- **YOUR TASK**:
Once every line below with "Figure" has been counted, state the total and nothing else.

----------------------------------------

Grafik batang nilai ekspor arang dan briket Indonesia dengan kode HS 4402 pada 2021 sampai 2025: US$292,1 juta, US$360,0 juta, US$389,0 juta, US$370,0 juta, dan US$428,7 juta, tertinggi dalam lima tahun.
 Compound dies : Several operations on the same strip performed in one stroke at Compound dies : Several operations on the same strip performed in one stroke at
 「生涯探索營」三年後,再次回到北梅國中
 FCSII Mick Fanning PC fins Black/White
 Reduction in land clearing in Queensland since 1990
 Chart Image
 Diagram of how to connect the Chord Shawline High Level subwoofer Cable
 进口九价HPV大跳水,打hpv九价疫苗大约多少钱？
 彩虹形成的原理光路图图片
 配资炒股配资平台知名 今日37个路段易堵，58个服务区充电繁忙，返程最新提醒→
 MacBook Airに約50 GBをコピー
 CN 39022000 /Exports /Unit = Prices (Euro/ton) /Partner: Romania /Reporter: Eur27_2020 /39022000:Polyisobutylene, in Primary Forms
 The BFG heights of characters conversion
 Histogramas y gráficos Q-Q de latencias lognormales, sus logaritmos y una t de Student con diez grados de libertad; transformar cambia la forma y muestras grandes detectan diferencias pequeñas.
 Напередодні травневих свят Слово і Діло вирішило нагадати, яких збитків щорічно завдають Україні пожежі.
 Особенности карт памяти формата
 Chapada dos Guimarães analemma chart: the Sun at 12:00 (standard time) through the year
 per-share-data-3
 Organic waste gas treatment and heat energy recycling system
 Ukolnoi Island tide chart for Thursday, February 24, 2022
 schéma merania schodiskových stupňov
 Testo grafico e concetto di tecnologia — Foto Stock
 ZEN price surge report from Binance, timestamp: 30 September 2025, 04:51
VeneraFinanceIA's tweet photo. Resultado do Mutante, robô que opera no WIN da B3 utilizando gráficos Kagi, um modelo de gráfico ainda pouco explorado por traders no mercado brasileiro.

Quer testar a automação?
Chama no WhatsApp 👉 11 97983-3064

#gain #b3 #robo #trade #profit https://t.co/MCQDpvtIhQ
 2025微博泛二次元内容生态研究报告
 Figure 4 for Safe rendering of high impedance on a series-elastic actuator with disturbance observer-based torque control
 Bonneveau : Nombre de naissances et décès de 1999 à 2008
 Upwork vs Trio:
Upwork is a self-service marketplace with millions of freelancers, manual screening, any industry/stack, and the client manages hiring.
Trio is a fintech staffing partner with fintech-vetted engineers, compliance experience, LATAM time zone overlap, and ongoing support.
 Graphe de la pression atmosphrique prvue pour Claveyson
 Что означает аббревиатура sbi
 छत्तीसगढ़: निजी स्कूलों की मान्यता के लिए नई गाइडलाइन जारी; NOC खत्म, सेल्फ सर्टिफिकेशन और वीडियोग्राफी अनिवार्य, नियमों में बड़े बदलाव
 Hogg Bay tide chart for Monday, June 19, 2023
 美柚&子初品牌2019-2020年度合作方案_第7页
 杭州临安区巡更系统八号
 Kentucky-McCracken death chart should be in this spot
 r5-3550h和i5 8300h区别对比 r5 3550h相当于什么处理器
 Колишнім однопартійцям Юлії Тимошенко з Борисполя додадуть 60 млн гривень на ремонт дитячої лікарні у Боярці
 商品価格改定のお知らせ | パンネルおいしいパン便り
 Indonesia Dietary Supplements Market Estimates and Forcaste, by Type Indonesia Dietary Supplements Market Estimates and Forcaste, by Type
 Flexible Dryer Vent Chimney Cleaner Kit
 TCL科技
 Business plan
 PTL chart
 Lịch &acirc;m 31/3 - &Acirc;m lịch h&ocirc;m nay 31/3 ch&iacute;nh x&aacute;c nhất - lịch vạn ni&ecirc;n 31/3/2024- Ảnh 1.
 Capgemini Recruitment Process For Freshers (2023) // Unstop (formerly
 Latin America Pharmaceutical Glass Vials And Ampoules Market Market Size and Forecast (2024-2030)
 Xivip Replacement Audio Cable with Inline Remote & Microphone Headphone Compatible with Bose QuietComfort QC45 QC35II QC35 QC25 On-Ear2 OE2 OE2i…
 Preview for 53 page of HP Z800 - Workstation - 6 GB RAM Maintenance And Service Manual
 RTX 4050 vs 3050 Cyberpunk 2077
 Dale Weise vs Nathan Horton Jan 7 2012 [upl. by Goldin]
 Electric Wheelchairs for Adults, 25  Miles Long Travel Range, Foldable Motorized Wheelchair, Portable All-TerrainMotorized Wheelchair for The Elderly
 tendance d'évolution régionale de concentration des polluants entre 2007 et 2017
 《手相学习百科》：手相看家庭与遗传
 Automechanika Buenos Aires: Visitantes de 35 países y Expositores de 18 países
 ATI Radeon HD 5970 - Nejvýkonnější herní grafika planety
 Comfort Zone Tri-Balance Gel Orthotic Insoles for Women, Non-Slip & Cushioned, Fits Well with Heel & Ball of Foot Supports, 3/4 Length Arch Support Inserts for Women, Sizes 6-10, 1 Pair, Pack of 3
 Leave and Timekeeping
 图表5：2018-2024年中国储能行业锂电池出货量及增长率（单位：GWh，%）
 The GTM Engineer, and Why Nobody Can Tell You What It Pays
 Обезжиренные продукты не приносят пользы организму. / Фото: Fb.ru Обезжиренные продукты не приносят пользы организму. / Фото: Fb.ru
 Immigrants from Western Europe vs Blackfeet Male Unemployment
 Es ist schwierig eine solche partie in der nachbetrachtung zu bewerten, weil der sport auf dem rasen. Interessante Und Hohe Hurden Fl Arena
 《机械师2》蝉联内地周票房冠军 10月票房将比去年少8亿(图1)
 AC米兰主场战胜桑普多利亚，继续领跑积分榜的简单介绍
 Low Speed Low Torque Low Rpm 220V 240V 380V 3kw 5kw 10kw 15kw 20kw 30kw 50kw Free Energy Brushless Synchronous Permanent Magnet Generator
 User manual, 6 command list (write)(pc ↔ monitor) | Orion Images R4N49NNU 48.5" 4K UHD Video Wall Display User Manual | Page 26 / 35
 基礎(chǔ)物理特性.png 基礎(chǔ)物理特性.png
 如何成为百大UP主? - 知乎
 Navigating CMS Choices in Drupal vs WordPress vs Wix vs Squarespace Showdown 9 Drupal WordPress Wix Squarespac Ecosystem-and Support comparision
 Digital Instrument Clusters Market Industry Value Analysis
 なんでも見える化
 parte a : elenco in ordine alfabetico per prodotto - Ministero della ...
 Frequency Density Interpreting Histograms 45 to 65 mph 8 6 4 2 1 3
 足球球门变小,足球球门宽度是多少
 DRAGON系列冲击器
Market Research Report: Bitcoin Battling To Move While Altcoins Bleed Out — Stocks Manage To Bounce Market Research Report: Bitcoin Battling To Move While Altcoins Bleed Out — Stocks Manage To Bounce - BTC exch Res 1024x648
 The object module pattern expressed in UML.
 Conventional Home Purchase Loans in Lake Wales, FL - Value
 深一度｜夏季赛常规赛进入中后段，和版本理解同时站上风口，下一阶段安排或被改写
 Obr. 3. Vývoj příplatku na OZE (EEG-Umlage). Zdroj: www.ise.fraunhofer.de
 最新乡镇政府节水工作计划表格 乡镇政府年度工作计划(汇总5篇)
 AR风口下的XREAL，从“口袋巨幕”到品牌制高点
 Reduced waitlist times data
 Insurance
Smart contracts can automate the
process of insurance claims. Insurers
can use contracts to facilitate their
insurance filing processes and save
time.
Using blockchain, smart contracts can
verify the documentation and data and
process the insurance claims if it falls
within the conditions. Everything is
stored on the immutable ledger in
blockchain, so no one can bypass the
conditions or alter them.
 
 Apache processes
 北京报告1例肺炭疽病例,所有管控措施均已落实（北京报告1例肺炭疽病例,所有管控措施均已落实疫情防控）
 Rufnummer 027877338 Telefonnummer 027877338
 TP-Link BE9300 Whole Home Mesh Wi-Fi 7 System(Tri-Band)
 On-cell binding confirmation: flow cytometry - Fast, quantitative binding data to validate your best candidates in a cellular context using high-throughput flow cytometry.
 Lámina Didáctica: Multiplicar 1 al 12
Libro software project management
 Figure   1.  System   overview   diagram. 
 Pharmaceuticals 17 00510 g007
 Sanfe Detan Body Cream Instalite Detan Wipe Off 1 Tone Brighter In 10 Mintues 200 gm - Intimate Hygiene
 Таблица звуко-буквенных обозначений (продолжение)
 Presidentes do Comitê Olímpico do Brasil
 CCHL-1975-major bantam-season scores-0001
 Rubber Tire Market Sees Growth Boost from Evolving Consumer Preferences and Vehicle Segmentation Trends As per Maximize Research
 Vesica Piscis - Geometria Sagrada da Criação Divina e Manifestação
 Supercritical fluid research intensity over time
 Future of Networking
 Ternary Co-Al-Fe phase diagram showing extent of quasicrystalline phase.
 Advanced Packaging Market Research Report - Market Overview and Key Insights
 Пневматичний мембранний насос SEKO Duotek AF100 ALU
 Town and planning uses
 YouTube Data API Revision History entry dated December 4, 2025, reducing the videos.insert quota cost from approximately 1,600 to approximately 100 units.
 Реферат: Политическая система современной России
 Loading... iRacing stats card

----------------------------------------

- **TASK RESPONSE**:
2